Creating your TPR isn’t supposed to be scary, but it should be a bit scary as you need to articulate your research direction in a more official way than you might have done so far in regular meetings.


A public seminar or presentation of your TPR is not required by ANU policies. That said, many groups in the School of Computing have expected students at the TPR level to do a public presentation as part of the TPR assessment. The seminar would normally be:

  • 45 minutes with 15 minutes for questions
  • scheduled to take place in a public seminar room (e.g., CSIT Room N101, Hanna Neumann building Board Room)
  • be advertised on the School / Cluster mailing lists
  • be structured similarly to your TPR document but with more focus on justifying your research problem, your work so far and (briefly) what you plan to do next (nobody wants to hear a literature review being read out loud)
  • at least one week after your TPR document has been submitted officially (so that all supervisors can read the written version).

Idea: PhD monitoring presentations may work better than a public seminar for communicating with School of Computing community and should now be preferred.

TPR Process

So given the above, here’s a process we will follow to manage your TPR.

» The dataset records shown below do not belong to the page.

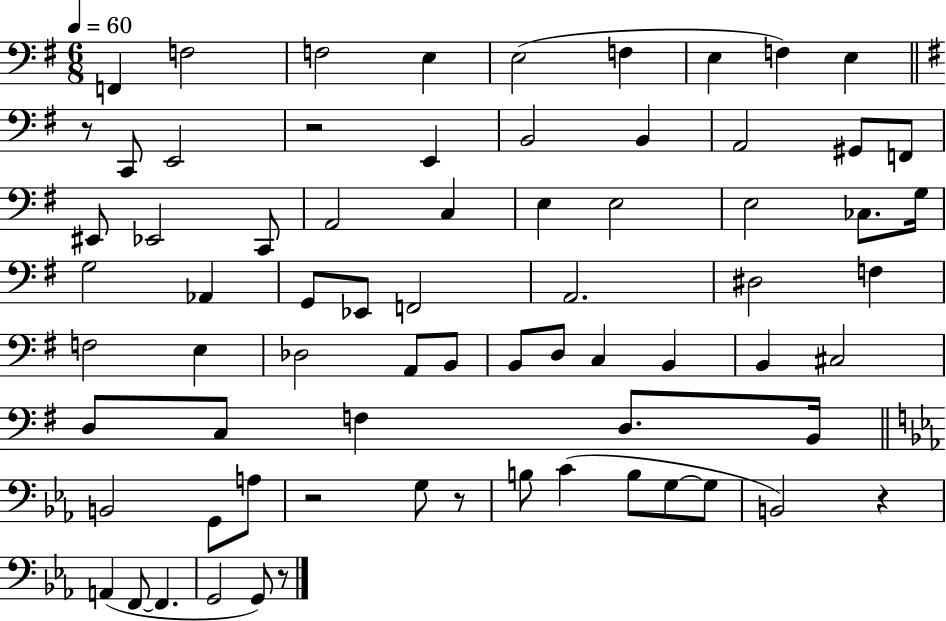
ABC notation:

X:1
T:Untitled
M:6/8
L:1/4
K:G
F,, F,2 F,2 E, E,2 F, E, F, E, z/2 C,,/2 E,,2 z2 E,, B,,2 B,, A,,2 ^G,,/2 F,,/2 ^E,,/2 _E,,2 C,,/2 A,,2 C, E, E,2 E,2 _C,/2 G,/4 G,2 _A,, G,,/2 _E,,/2 F,,2 A,,2 ^D,2 F, F,2 E, _D,2 A,,/2 B,,/2 B,,/2 D,/2 C, B,, B,, ^C,2 D,/2 C,/2 F, D,/2 B,,/4 B,,2 G,,/2 A,/2 z2 G,/2 z/2 B,/2 C B,/2 G,/2 G,/2 B,,2 z A,, F,,/2 F,, G,,2 G,,/2 z/2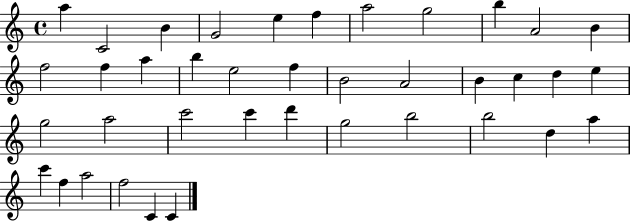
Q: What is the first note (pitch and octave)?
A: A5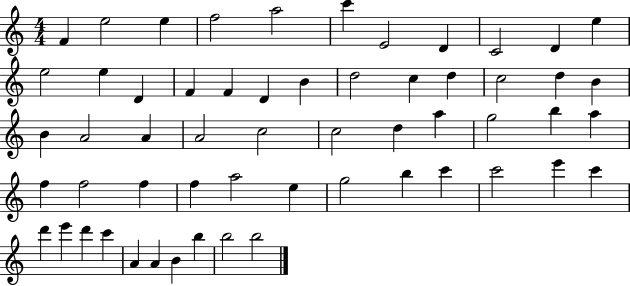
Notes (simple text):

F4/q E5/h E5/q F5/h A5/h C6/q E4/h D4/q C4/h D4/q E5/q E5/h E5/q D4/q F4/q F4/q D4/q B4/q D5/h C5/q D5/q C5/h D5/q B4/q B4/q A4/h A4/q A4/h C5/h C5/h D5/q A5/q G5/h B5/q A5/q F5/q F5/h F5/q F5/q A5/h E5/q G5/h B5/q C6/q C6/h E6/q C6/q D6/q E6/q D6/q C6/q A4/q A4/q B4/q B5/q B5/h B5/h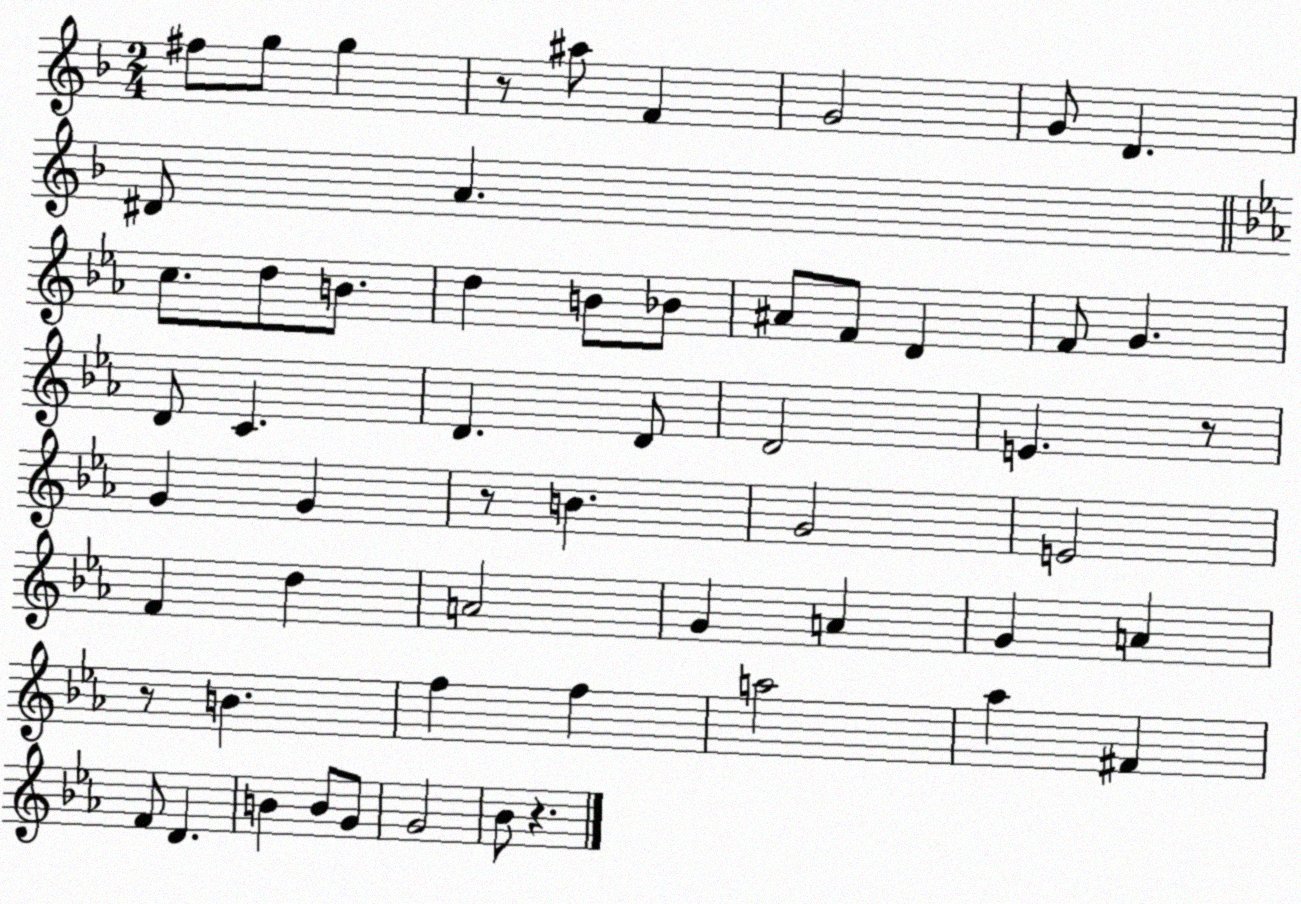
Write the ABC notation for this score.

X:1
T:Untitled
M:2/4
L:1/4
K:F
^f/2 g/2 g z/2 ^a/2 F G2 G/2 D ^D/2 A c/2 d/2 B/2 d B/2 _B/2 ^A/2 F/2 D F/2 G D/2 C D D/2 D2 E z/2 G G z/2 B G2 E2 F d A2 G A G A z/2 B f f a2 _a ^F F/2 D B B/2 G/2 G2 _B/2 z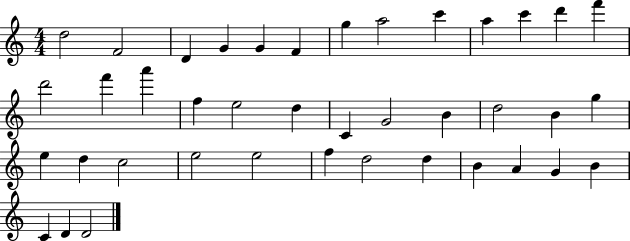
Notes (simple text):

D5/h F4/h D4/q G4/q G4/q F4/q G5/q A5/h C6/q A5/q C6/q D6/q F6/q D6/h F6/q A6/q F5/q E5/h D5/q C4/q G4/h B4/q D5/h B4/q G5/q E5/q D5/q C5/h E5/h E5/h F5/q D5/h D5/q B4/q A4/q G4/q B4/q C4/q D4/q D4/h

  1. Candidate submits agrees on TPR timeline and formatting with primary supervisor. Decide whether to hold a seminar or a closed supervision meeting to conclude the TPR.
  2. Candidate creates TPR document as outlined above and sends to primary supervisor (and others) at least a week in advance of the planned eForm submission.
  3. Candidate incorporates feedback from supervisors and submits eForm
  4. Supervision panel and candidate meet, candidate briefly presents TPR contents, supervisors present feedback and initiate discussion.
  5. Supervisors upload feedback or recommendations into eForm after meeting.

Hints for your TPR

  • talk to other PhD students / recent grads about their TPR experience to gauge the expectations
  • if you want, attend the ANU TPR bootcamp for inspiration, but not direction: all ANU schools have different requirements and some expect a long TPR (e.g., 30+ pages) that is not the standard in computing
  • some folks view the TPR as “box ticking” and not to be taken seriously, this is not the approach within my lab, I expect a real effort to level up your articulation of your research plan which is hard work regardless of the length of document
  • the TPR is one of the few opportunities for supervisors to officially provide negative feedback with consequences, if you don’t engage with the process properly and respond to feedback you may need to redo/resubmit your TPR document

Thesis Completion Presentation

Before you can submit your PhD thesis you need to complete an oral presentation giving your supervisors the chance to agree that you are “ready to submit” your thesis.

Oral presentations are:

  • normally 60 minutes in length plus time for questions
  • advertised within the School of Computing and are public

You will give an exceptionally high quality presentation covering your whole thesis and be ready to answer questions on any part of your research including some potentially tricky questions from your supervision panel. We want to celebrate this part of your work so you should invite friends and family and we will arrange a morning/afternoon tea reception.

After your presentation, you should submit the eForm including:

  • your slides
  • a brief document (2 pages) indicating the details of your talk (time and place), brief summary of the contents, and summary of the discussion.